--- MATERIAL PROVIDED ---

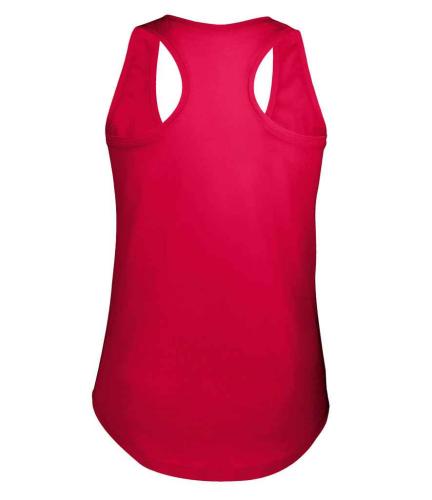 SOL'S Ladies Moka Tank Top - RED - XS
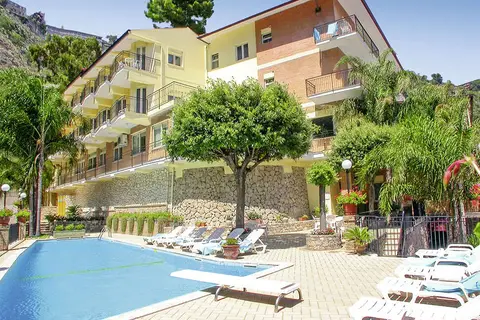 Hotel Corallo Taormina in Taormina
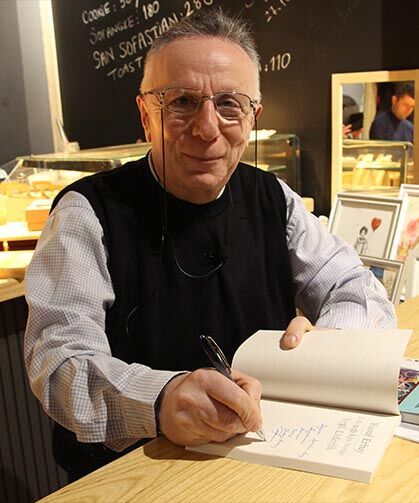 Prof. Dr. Erbay Yalova’da Okurlarıyla Buluşacak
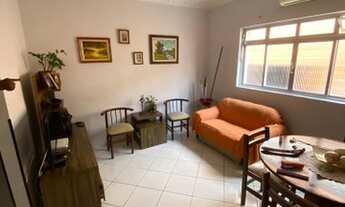 Imagem 6: Apartamento para venda possui 77 metros quadrados com 2 quartos em Vila Mathias - Santos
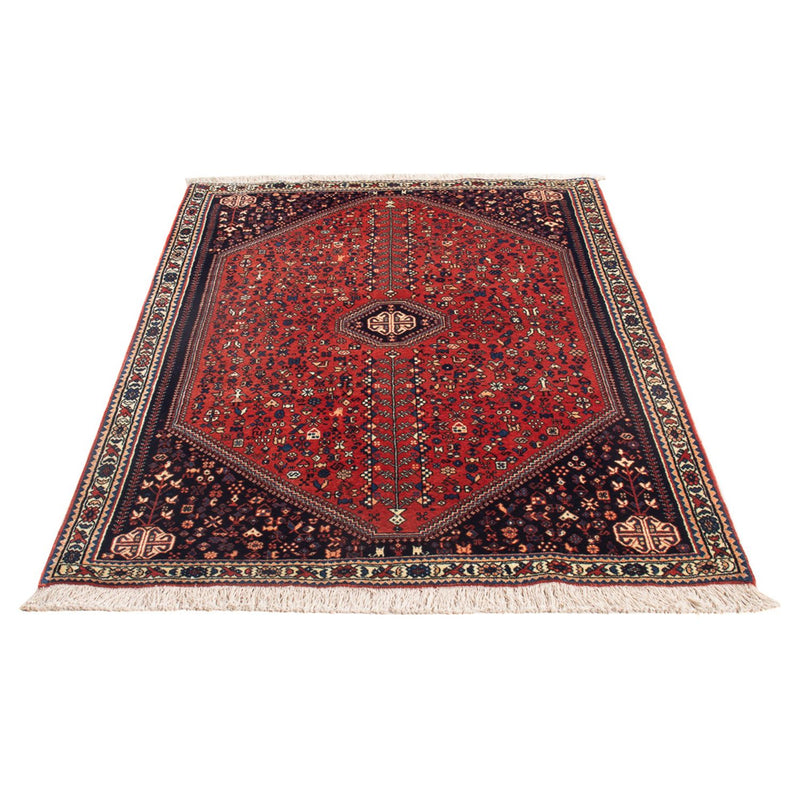 Alfombra persa - Nómada - 152 x 106 cm - rojo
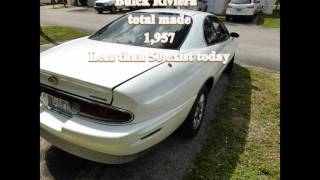 Last American icon Last G body 1999 Buick Riviera a gem for sale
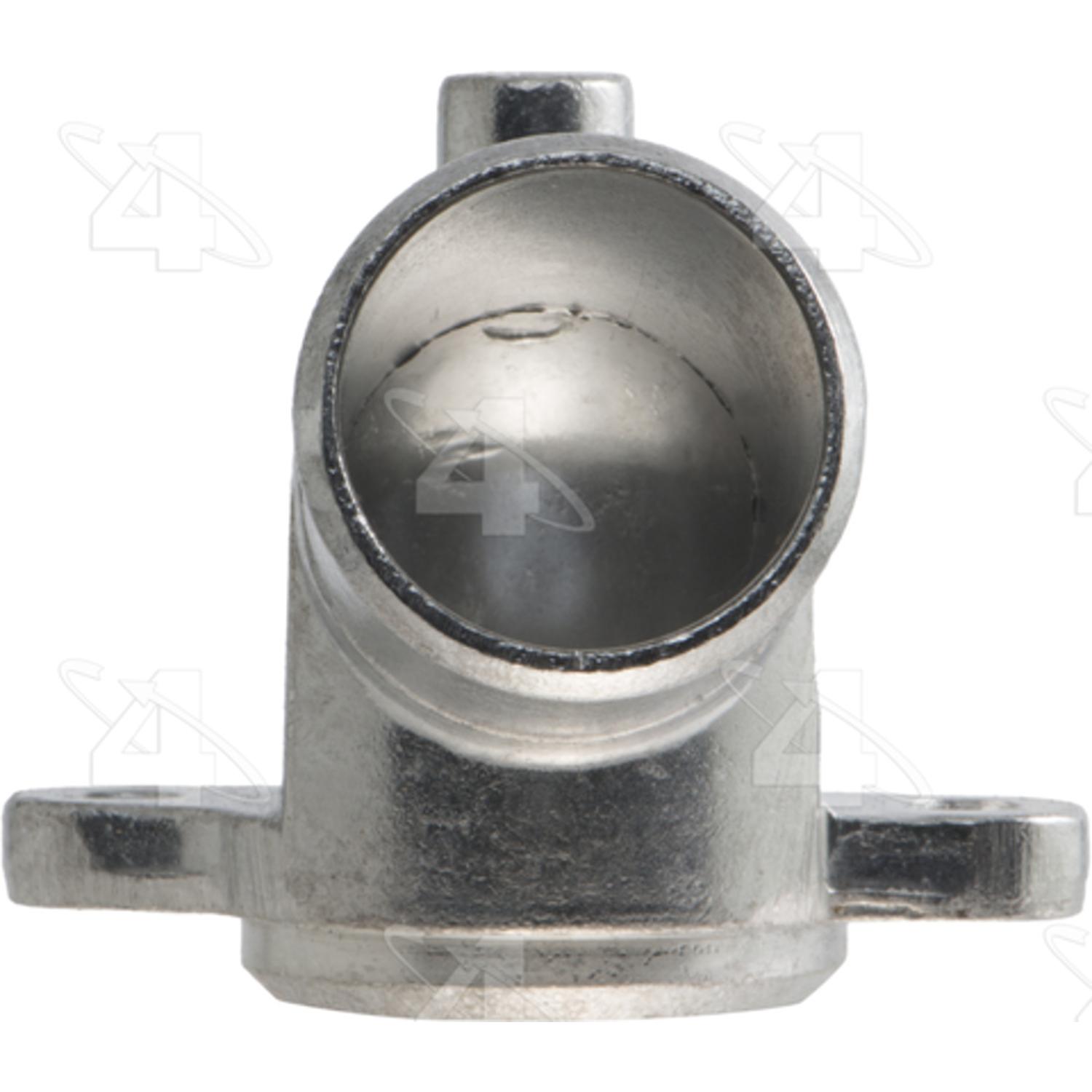 Four Seasons 85002 Engine Coolant Water Outlet product image 5 of 8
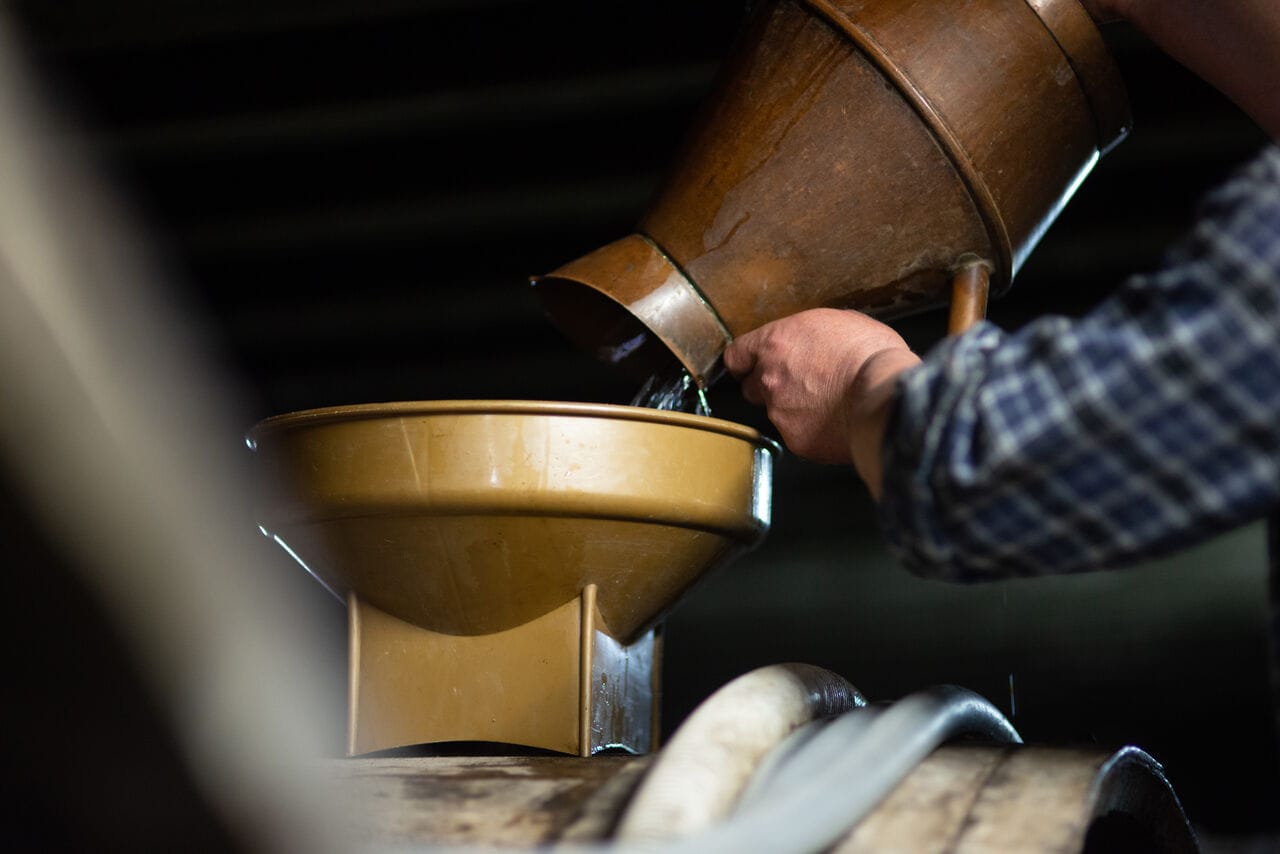 Le Calvados a enregistré une baisse modérée de 5,6% de ses expéditions en 2025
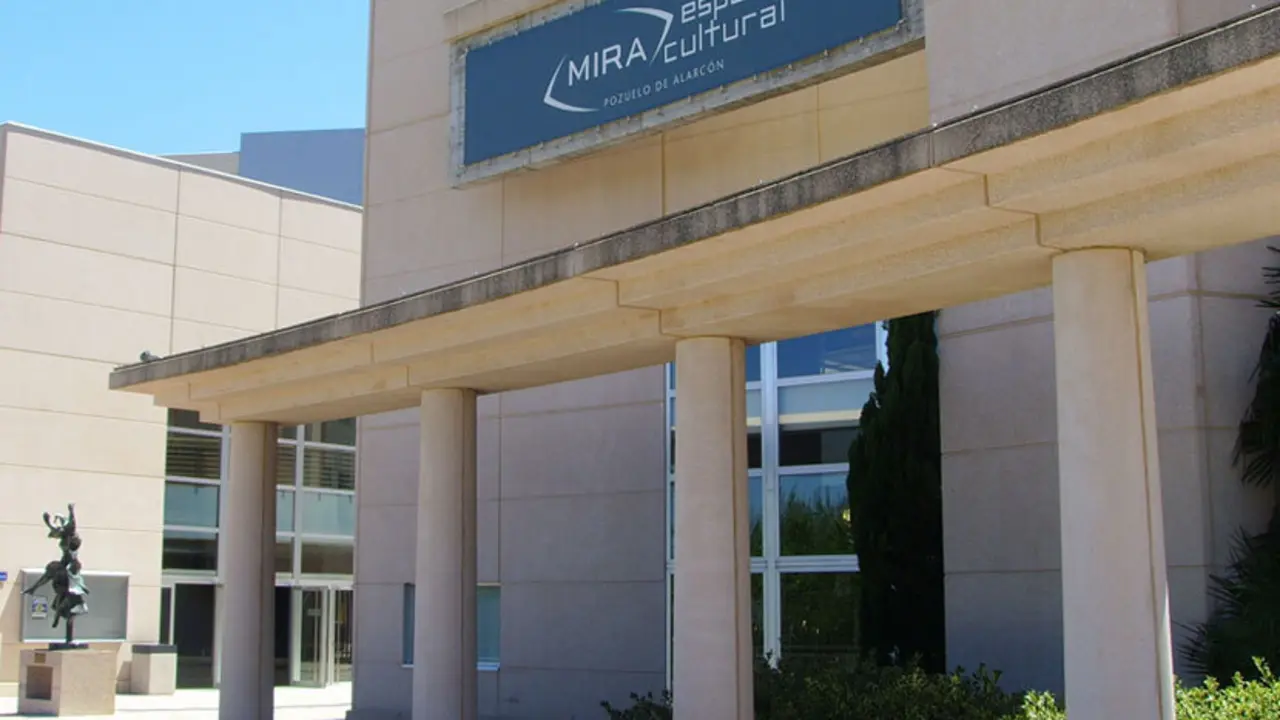 MIRA Teatro, Pozuelo de Alarc&oacute;n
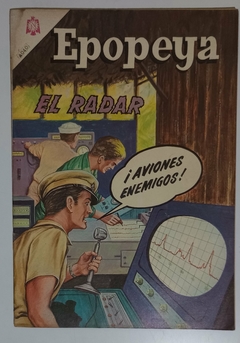 Epopeya - N°087 - 01-08-65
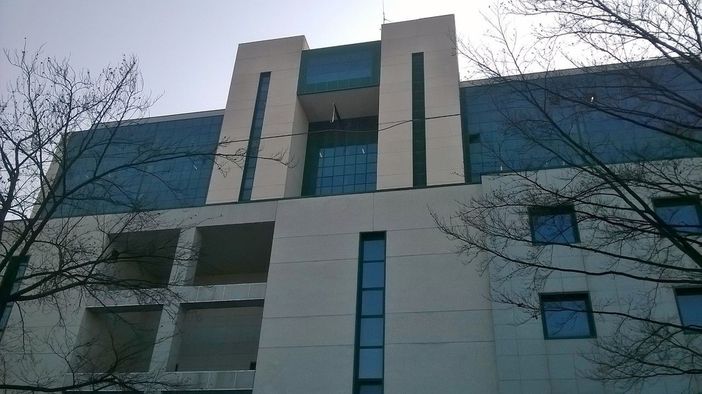 Il Palazzo degli Uffici Finanziari di Cuneo - foto di repertorio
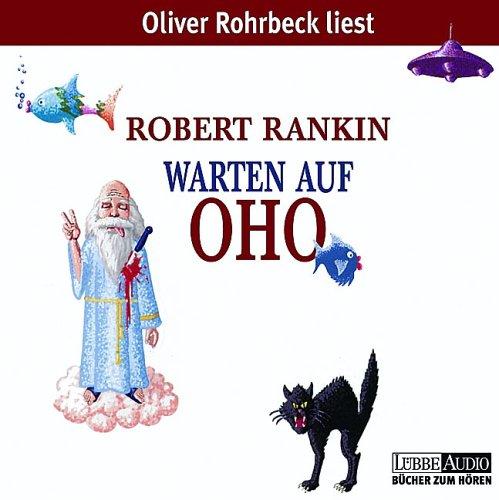 Warten auf Oho. 4 CDs.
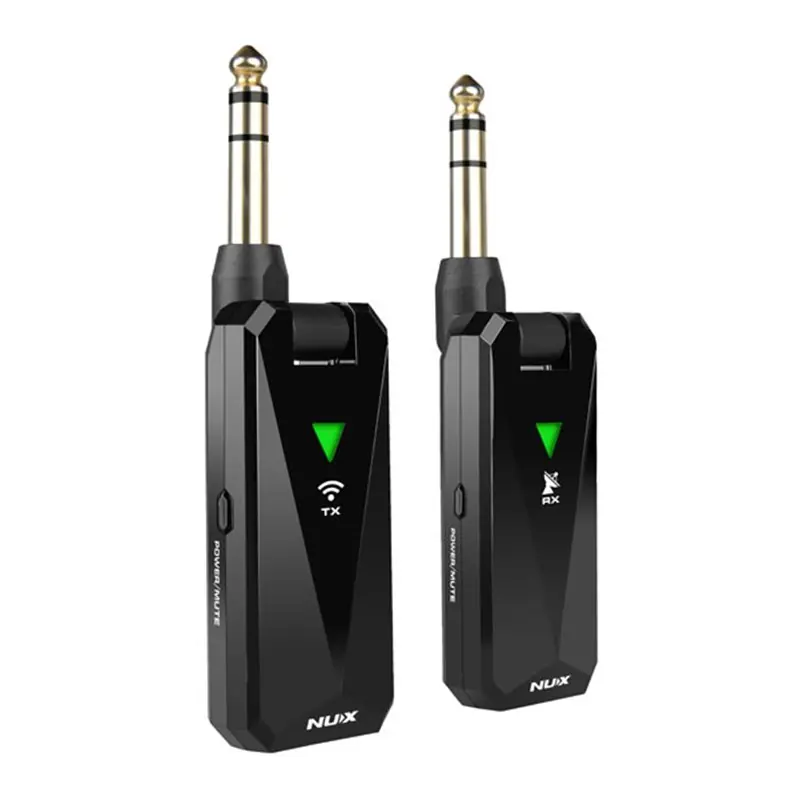 Nowy NUX B-5RC System Bezprzewodowy Do Gitary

---

▶ WORK TASK: No picture belongs in the answer; the rest of the records must be repeated exactly.

▶ TASK ANSWER:
 SOL'S Ladies Moka Tank Top - RED - XS
 Hotel Corallo Taormina in Taormina
 Prof. Dr. Erbay Yalova’da Okurlarıyla Buluşacak
 Imagem 6: Apartamento para venda possui 77 metros quadrados com 2 quartos em Vila Mathias - Santos
 Alfombra persa - Nómada - 152 x 106 cm - rojo
 Last American icon Last G body 1999 Buick Riviera a gem for sale
 Four Seasons 85002 Engine Coolant Water Outlet product image 5 of 8
 Le Calvados a enregistré une baisse modérée de 5,6% de ses expéditions en 2025
 MIRA Teatro, Pozuelo de Alarc&oacute;n
 Epopeya - N°087 - 01-08-65
 Il Palazzo degli Uffici Finanziari di Cuneo - foto di repertorio
 Warten auf Oho. 4 CDs.
 Nowy NUX B-5RC System Bezprzewodowy Do Gitary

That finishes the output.